Best Practice OKR Drafting Process
Best Practice OKR Drafting Template
The best practice OKR drafting template offers a clear structure for brainstorming and drafting company-wide quarterly Objectives and Team OKRs.
The process of brainstorming OKRs will help you to see your most critical business issues and improvement opportunities clearly, and not mix them up with day-to-day operations.
Who will find it useful?
Cross-functional alignment is a must if you want your teams to move in the same direction. But leaders often struggle to keep everyone on the same page.

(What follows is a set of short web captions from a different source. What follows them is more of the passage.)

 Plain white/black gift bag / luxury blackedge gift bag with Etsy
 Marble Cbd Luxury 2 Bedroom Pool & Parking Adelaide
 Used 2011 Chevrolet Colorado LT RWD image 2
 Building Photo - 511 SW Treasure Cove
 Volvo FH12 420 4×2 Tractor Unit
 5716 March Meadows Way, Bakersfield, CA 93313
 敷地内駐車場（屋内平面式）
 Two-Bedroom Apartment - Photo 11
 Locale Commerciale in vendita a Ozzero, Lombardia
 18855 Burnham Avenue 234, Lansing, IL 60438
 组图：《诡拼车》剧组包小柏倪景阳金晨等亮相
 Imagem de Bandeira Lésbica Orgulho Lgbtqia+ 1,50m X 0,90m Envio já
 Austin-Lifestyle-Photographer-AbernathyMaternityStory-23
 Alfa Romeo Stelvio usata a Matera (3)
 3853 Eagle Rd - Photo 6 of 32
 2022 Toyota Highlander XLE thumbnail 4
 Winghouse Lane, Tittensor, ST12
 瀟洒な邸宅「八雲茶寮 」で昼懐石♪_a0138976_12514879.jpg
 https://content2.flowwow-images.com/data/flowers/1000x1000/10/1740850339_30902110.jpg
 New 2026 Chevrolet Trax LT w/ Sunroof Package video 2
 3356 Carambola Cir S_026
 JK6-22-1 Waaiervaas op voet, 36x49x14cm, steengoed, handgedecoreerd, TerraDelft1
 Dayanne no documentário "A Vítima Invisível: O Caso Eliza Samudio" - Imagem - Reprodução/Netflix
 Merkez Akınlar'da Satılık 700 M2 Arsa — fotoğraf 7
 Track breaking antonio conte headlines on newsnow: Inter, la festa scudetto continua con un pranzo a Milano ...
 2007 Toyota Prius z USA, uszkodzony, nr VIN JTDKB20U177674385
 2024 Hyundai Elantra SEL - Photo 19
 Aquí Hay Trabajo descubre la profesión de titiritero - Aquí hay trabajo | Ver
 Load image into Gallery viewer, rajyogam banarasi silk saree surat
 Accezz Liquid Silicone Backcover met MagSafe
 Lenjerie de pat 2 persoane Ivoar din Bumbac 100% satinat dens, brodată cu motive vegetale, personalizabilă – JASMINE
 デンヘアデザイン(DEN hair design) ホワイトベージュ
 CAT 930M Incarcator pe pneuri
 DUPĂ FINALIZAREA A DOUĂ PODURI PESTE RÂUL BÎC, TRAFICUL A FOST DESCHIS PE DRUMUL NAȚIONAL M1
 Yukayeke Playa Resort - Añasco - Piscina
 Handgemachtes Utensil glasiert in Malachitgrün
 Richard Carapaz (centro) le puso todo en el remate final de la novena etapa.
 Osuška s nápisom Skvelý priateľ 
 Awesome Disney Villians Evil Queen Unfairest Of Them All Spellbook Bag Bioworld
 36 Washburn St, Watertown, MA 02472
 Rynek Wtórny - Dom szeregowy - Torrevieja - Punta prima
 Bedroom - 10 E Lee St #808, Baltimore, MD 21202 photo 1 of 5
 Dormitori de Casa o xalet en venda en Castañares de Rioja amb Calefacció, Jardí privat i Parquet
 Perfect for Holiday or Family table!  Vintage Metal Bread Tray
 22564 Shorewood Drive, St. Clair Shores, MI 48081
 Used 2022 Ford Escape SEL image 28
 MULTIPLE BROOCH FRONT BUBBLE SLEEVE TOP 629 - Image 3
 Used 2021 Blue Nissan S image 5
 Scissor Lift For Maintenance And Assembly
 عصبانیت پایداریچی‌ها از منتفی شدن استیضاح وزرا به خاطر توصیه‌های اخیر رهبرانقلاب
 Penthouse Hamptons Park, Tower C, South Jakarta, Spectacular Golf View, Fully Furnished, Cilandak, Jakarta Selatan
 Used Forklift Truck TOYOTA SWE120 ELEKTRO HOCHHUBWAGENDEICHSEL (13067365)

The OKR drafting template will provide a straightforward step-by-step process for leaders when writing and aligning Company Objectives and Team OKRs.
It will help you:
Visualise how goals on different levels fit together
Draw the line between outcomes (results) and outputs (deliverables) to prioritise better
Communicate the most important priorities at the ideation stage and get feedback from other teams
Figure out dependencies among different functional teams
What is the structure of the template?
Define what you want to achieve (which high level metrics or strategic priorities to impact).
Brainstorm business directions: what is your organisation-wide focus?
If you have a lagging Key Performance Indicator (for ex., website traffic has dropped from last quarter), where does this problem come from? In other words, what is broken? What do you need to fix?
If you are doing great in general but you want to grow faster, what is the most impactful improvement area you can go after? Is it a new market? A new audience? A new service line? Upselling to current customers? Building relationships? Forming partnerships?
3. Draft Team Objectives with the prompt: we will focus on [driving this change] to [solve this problem]
4. Draft Key Results: how will you measure change?
5. Draft initiatives: what are you going to do to drive the outcomes you want to achieve
What are the benefits of OKRs?
Objectives and Key Results cover the areas you need to improve: from the ways you work (internal processes) to the ways you think about growth opportunities.
Whenever you feel like there are a billion improvements you absolutely have to implement, remember that in the beginner’s mind there are many possibilities, but in the expert’s mind there are few.
So keep your eyes on the prize, and don’t give in to distractions.
Good OKRs unite teams, create long-term improvement habits, and put you on a rocketship to success.